Your goal
All of the records below should be retyped exactly, with no pictures included.

Material provided
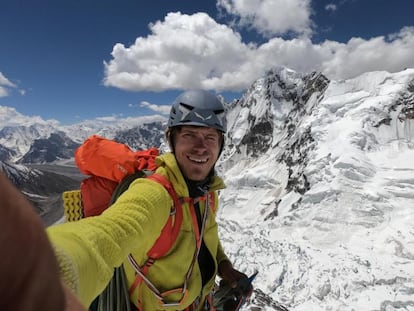 Simon Messner, en una de sus expediciones al Karakórum.
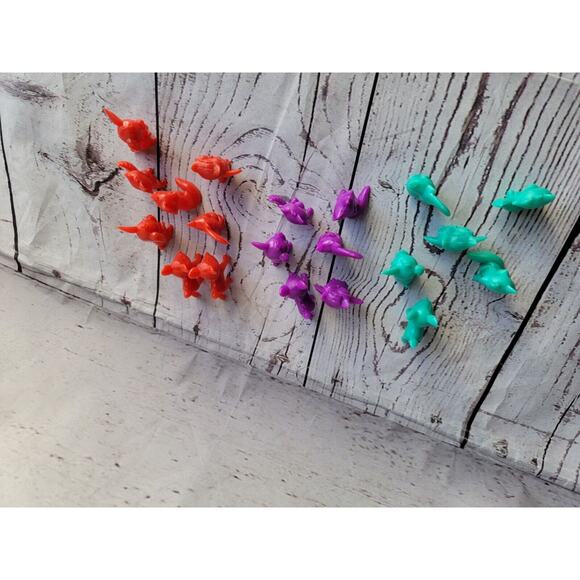 20 VTG Plastic Woodland Creatures Raccoon Owl Deer Fox Squirrel Bunny Counting - Picture 4 of 5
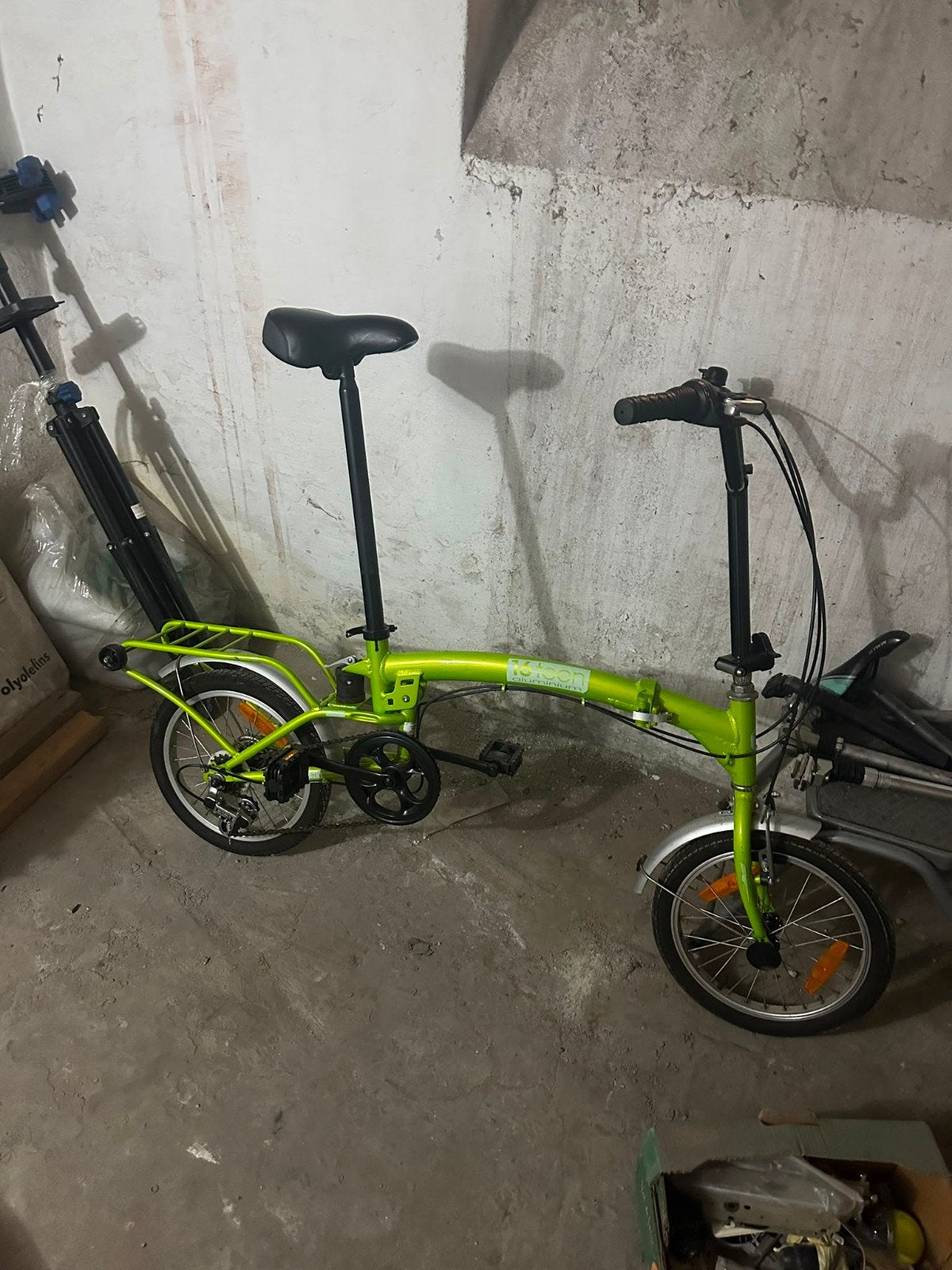 plooifiets wielmaat 20inch, Ophalen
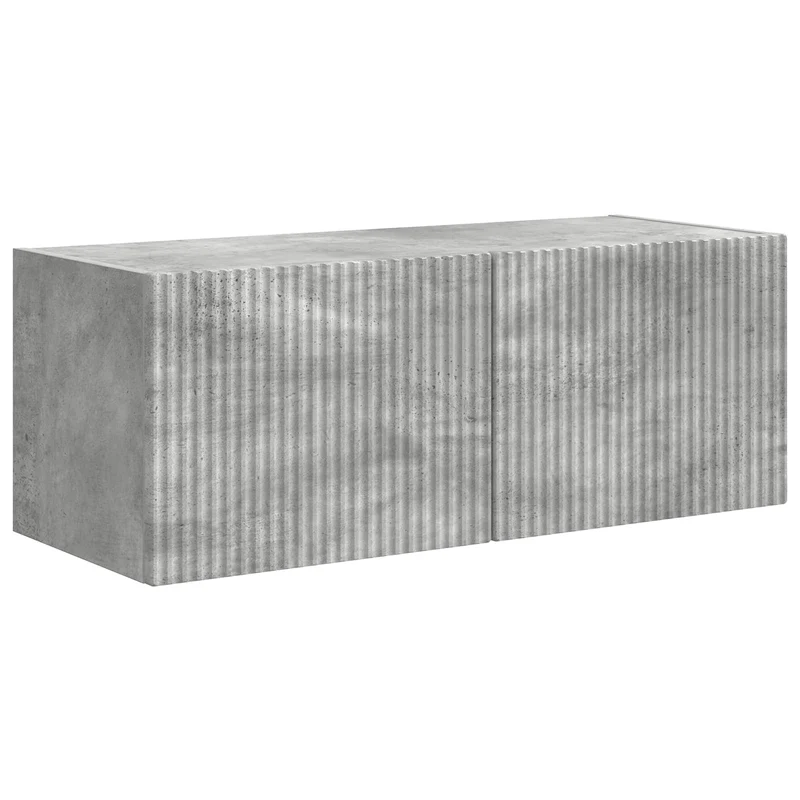 TV Cabinet Set 5 pcs Concrete Grey Engineered Wood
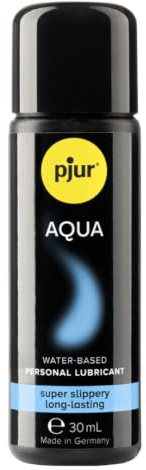 pjur AQUA - Gel lubrifiant supérieur à base d'eau - excellentes propriétés de lubrification, hydratant, ne colle pas (30ml)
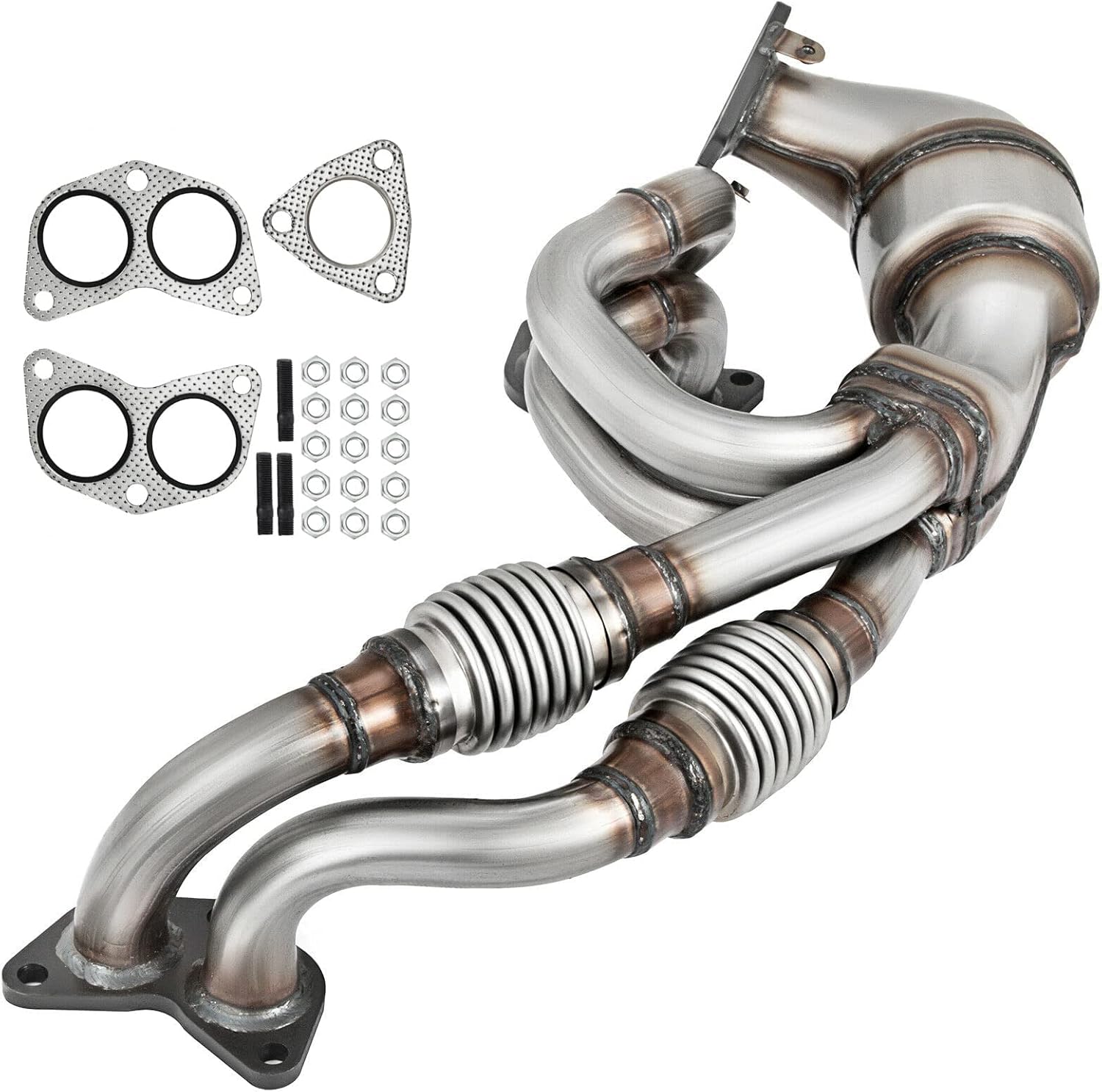 BLTPress Catalytic Converter,Exhaust Manifold Fit for Subaru Forester, Impreza,Legacy,Outback 2006-2012 2.5L W/Gasket Kit(EPA Compliant)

The completed task
 Simon Messner, en una de sus expediciones al Karakórum.
 20 VTG Plastic Woodland Creatures Raccoon Owl Deer Fox Squirrel Bunny Counting - Picture 4 of 5
 plooifiets wielmaat 20inch, Ophalen
 TV Cabinet Set 5 pcs Concrete Grey Engineered Wood
 pjur AQUA - Gel lubrifiant supérieur à base d'eau - excellentes propriétés de lubrification, hydratant, ne colle pas (30ml)
 BLTPress Catalytic Converter,Exhaust Manifold Fit for Subaru Forester, Impreza,Legacy,Outback 2006-2012 2.5L W/Gasket Kit(EPA Compliant)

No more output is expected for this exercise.